Dynamic Capacity Investment under Competition

What is the optimal investment policy according to which a firm adapts its capacity in a competitive market?

Contact
Xishu Li

Summary

Capacity investment refers to the change in a firm’s stocks of various processing resources over time. These resources include fleet, warehouse, production line, technology capability, etc., and the change can take many forms, e.g., purchase, sale of assets, merge and acquisition. Firms face a number of challenges when making such changes, since capital assets are costly, an investment is usually irreversible, and future rewards are uncertain. Often, the goal of capacity planning is to minimize the discrepancy between a firm’s capacity and demand in a profitable way. However, doing this is not always possible when firms compete in quantity and in the long run. In a competitive market where dominant firms exist and product price fluctuates with these firms’ capacity, decision of one firm directly impact those of the other firms, currently and in the future. Investment strategies that ignore competition can have fundamental problems, as they either tend to recommend waiting too long before making an investment, or underestimate the likely countermoves of the other dominant firms towards the firm’s investment decision. Without a proper theory, investment decision in a competitive market can lack guidance.
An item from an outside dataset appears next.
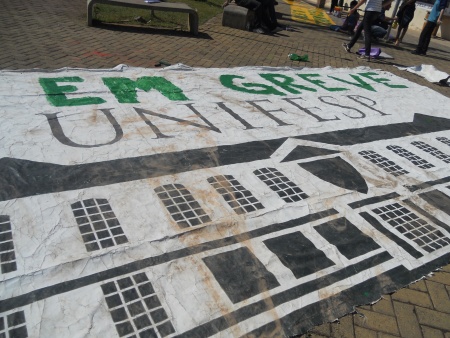 em-greve-unifes-hg-20120504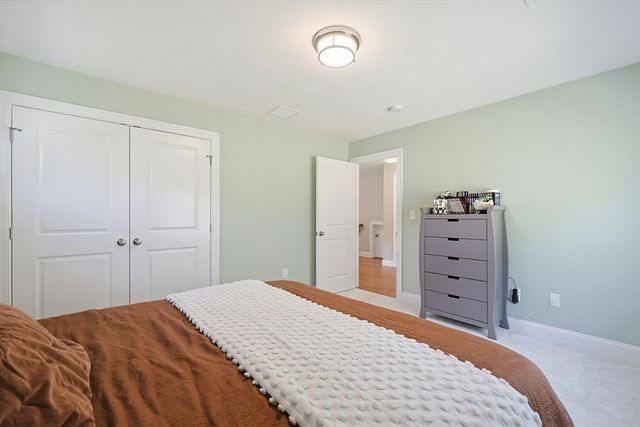10 Homes Ave, Franklin, MA 02038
Our research project originates from practice: a staggering investment race in the container shipping market since the 2008 global recession, which has led to huge losses for many carriers and even bankruptcy for some. We try to explain this phenomenon by developing an investment model, in which leader and follower firms act sequentially and a firm’s capacity decision interacts with the opponent’s current and future capacity.  A firm can either plan investments proactively, assuming that the opponent will react using a given strategy, or respond reactively to the competition. We develop an efficient algorithm to derive a firm’s optimal long-term investment strategy in the form of an ISD (Invest, Stayput, Disinvest) policy. The structure of our optimal polices (see an example in Figure 1) differs from the structures found in the existing literature for investments in non-competitive cases. A competitive proactive ISD policy may lead to a so-called Multi-ISD decision rule. It can lead to non-obvious decisions in practice. For instance, holding more assets in the competition may trigger investments for a firm, while having fewer assets may trigger disinvestment.

We validate our model using detailed data from the container shipping market (cost, capacity and demand, 2000-2015). It appears that the optimal capacity decisions from our model fit the capacity realization of two dominant shipping liners well. The contribution of our project is therefore not only in the new model, but it also yields interesting managerial insights. First, since the optimal capacity determined by our competitive investment model is consistent with the realized investments, these investments, which are questioned by some to be irrational, are optimal in the given competitive structure, and can be fully explained by our model. Second, we show that in the long run, proactive strategies are always better than reactive strategies in a competitive market. In fact, we are able to show why proactive thinking brings such benefits to a firm. Third, we provide a practical guideline with four steps on how to achieve an effective competitive investment strategy. We believe our model can be used very well for optimal investment decision making for both the leader and follower firms in different competitive markets.